Jacksonville Interchange Spiral

by Tim Gilmore, 10/4/2022

To us, on the inside, the landscape communicates through signs and architectural styles and gardens and garbage and trees and streams and doors and tens of thousands of interhuman behaviors explicit and implied.

rendering courtesy Reynolds, Smith and Hills

We miss most of it.

To the birds we send signals unwittingly, disrupting flight and migration patterns and millennial breeding trajectories and misinforming them of food sources and the possibilities of home.

The largest signs we transmit outward to abstraction – and to aircraft pilots – and satellite systems – to the stars.

Levittown, New York, photo by Mark Mathosian

Suburban tract housing, seen from the sky, says we are orderly, regimented, uniform, lacking in individuality, lined up in our hives and colonies like bees or ants.

With the 1970s came the crop circles. Led Zeppelin used an image of the shadow of a zeppelin over crop circles on its 1990 Remasters album cover. On September 10, 1991, The New York Times reported that two “jovial con men in their 60s,” David Chorley and Doug Bower, had created the series of strange configurations in wheat fields across the English countryside that baffled people around the world.

Said the Times: “Scientists from Britain and Japan have monitored the sites with scientific equipment, suspecting the circles might be a result of unusual and very sudden whirlwinds, and small armies of mystics, flying saucer fanatics and believers in the occult have paid them pilgrimages, trying to sense their hidden energy fields.”
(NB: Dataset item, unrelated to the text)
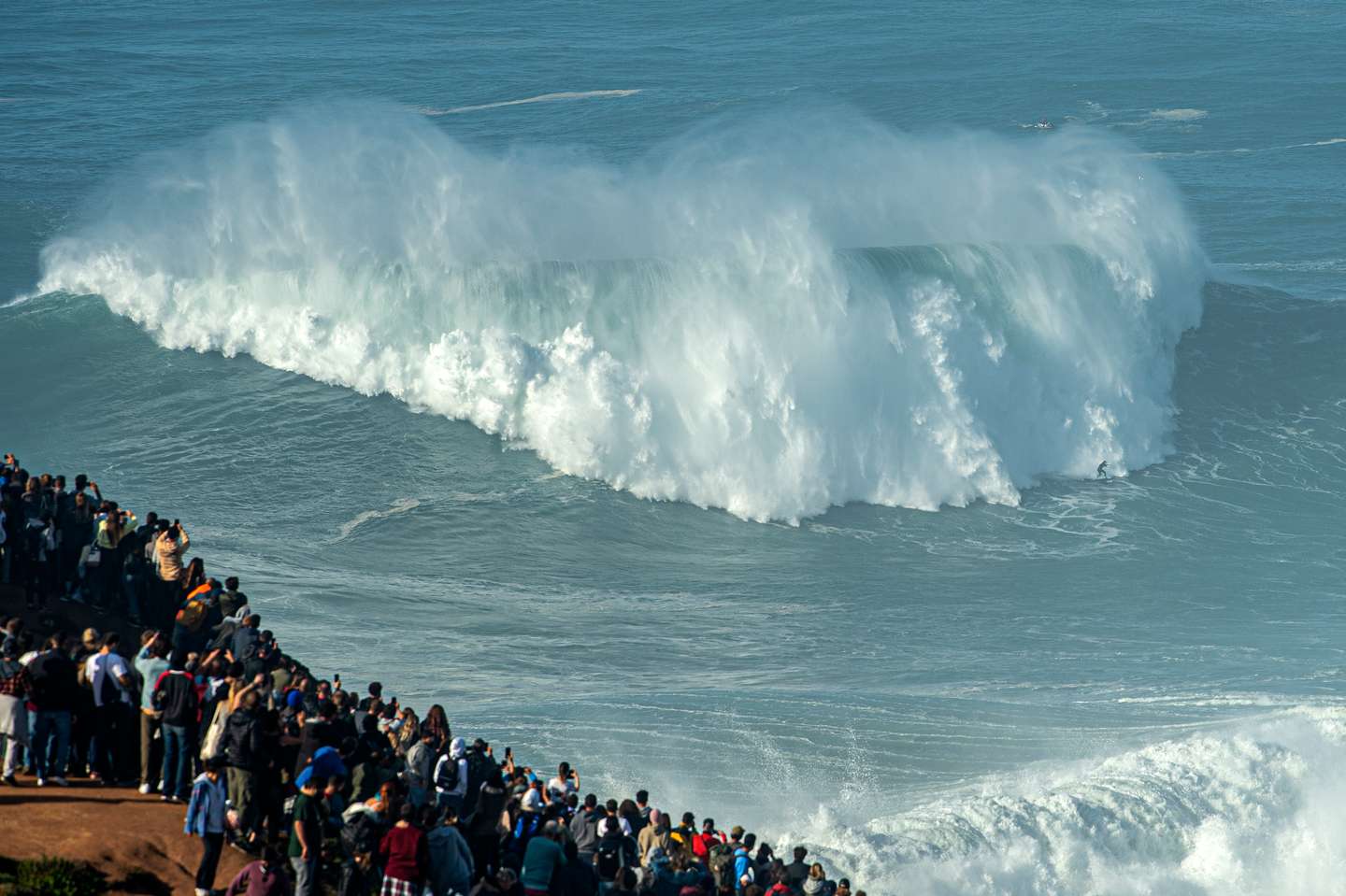 Surfers Ride The Nazare Big Waves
What, then, does the interchange spiral at Interstate 295 and J. Turner Butler Boulevard say and to whom? Is it, as has been claimed, “elegant,” or does that imply artistic vision? If the interchange, as seen from above, is “beautiful,” because of its symmetry and graceful contours, can it be called art? It’s a feat of engineering, but it’s not Robert Smithson’s 1970 land art masterpiece, Spiral Jetty, nor the ceremonial Grand Shell Ring which the Mocaman Indians built nearby 1,000 years ago.

Spiral Jetty, courtesy dia.org

In what lies the difference between beautiful engineering and architecture? Surely birdsong, while beautiful, can’t be called art, without a certain kind of intentionality? Or do these questions belie a human blindness toward all intentionalities outside the narrow scope of our awareness? Aren’t trees intentional in their communication through massive scales of intertwined root systems and fungal networks, as scientists and writers like Suzanne Simard and Peter Wohlleben have shown us? Can we even really discuss intentionality and art without yet being able to define consciousness and intelligence?

Whatever the Jacksonville Interchange Spiral might say to the clouds about human intelligence, or design, or meaning, it certainly exemplifies the blindness of our driving ourselves in circles unaware of the larger shape we track.

This clockwise spiral, a turbine or whirlpool interchange, takes shape from right hand exits and left turning ramps. It costs less but eats up more land than diamond interchanges, trumpets and cloverleafs.

Where we stop, nobody knows. We get places, but never do. A connector of place, never stopping, the interchange is the opposite of place. It’s speed outside of time. In the spiral, you never die. In the spiral, you’re not really alive, but you live forever.